Confidential information stored in memory circuits is readable or recoverable after being cleared or erased.
Data remanence occurs when stored, memory content is not fully lost after a memory-clear or -erase operation. Confidential memory contents can still be readable through data remanence in the hardware. Data remanence can occur because of performance optimization or memory organization during 'clear' or 'erase' operations, like a design that allows the memory-organization metadata (e.g., file pointers) to be erased without erasing the actual memory content. To protect against this weakness, memory devices will often support different commands for optimized memory erase and explicit secure erase. Data remanence can also happen because of the physical properties of memory circuits in use. For example, static, random-access-memory (SRAM) and dynamic, random-access-memory (DRAM) data retention is based on the charge retained in the memory cell, which depends on factors such as power supply, refresh rates, and temperature. Other than explicit erase commands, self-encrypting, secure-memory devices can also support secure erase through cryptographic erase commands. In such designs, only the decryption keys for encrypted data stored on the device are erased. That is, the stored data are always remnant in the media after a cryptographic erase. However, only the encrypted data can be extracted. Thus, protection against data recovery in such designs relies on the strength of the encryption algorithm.
Threat Mapped score: 0.0
Industry: Finiancial
Threat priority: Unclassified
CVE: CVE-2019-8575
Firmware Data Deletion Vulnerability in which a base station factory reset might not delete all user information.

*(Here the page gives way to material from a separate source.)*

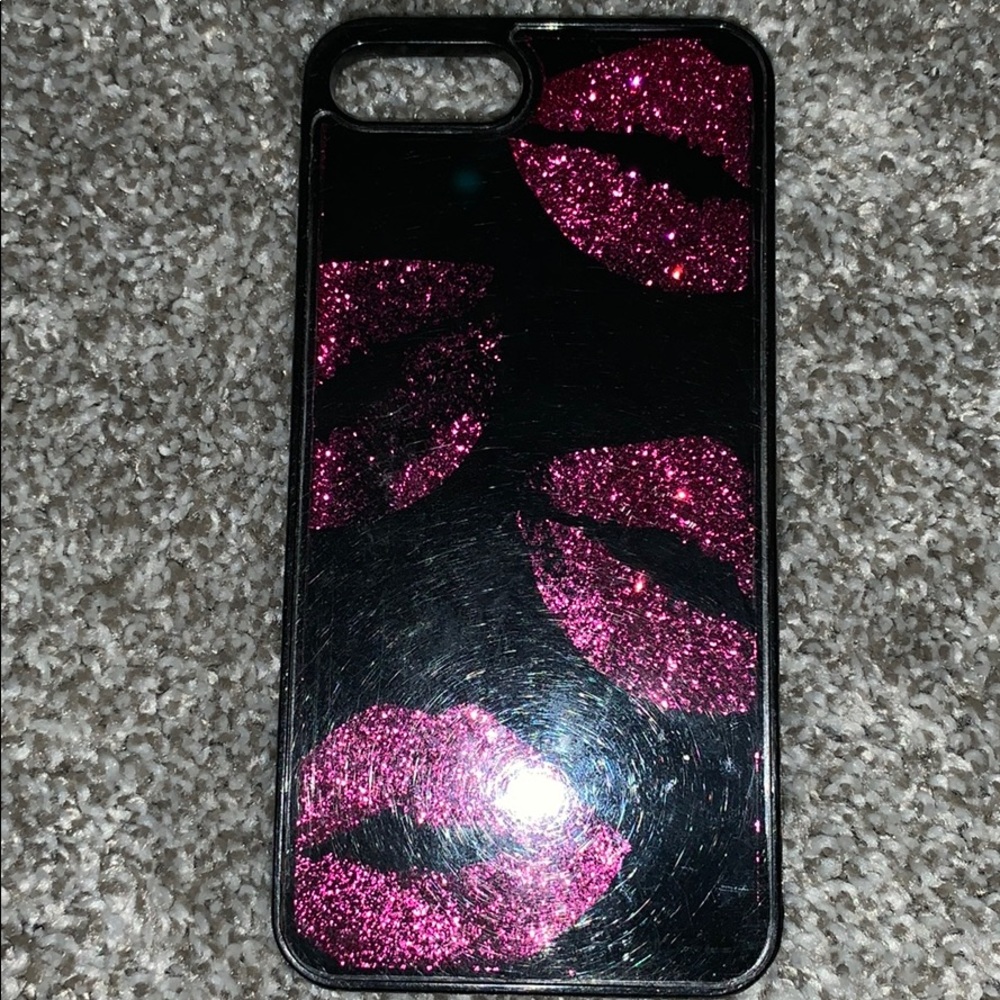 iPhone 7 Plus case black w pink glitter lips 👄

The impact of this enables a new owner of a used device that has been "factory-default reset" with a vulnerable firmware version can still retrieve, at least, the previous owner's wireless network name, and the previous owner's wireless security (such as WPA2) key. This issue was addressed with improved, data deletion.
| Phase | Note |
|---|---|
| Architecture and Design | N/A |
| Implementation | N/A |
Intro: Consider a device that uses flash memory for non-volatile-data storage. To optimize flash-access performance or reliable-flash lifetime, the device might limit the number of flash writes/erases by maintaining some state in internal SRAM and only committing changes to flash memory periodically.
Body: The device also supports user reset to factory defaults with the expectation that all personal information is erased from the device after this operation. On factory reset, user files are erased using explicit, erase commands supported by the flash device.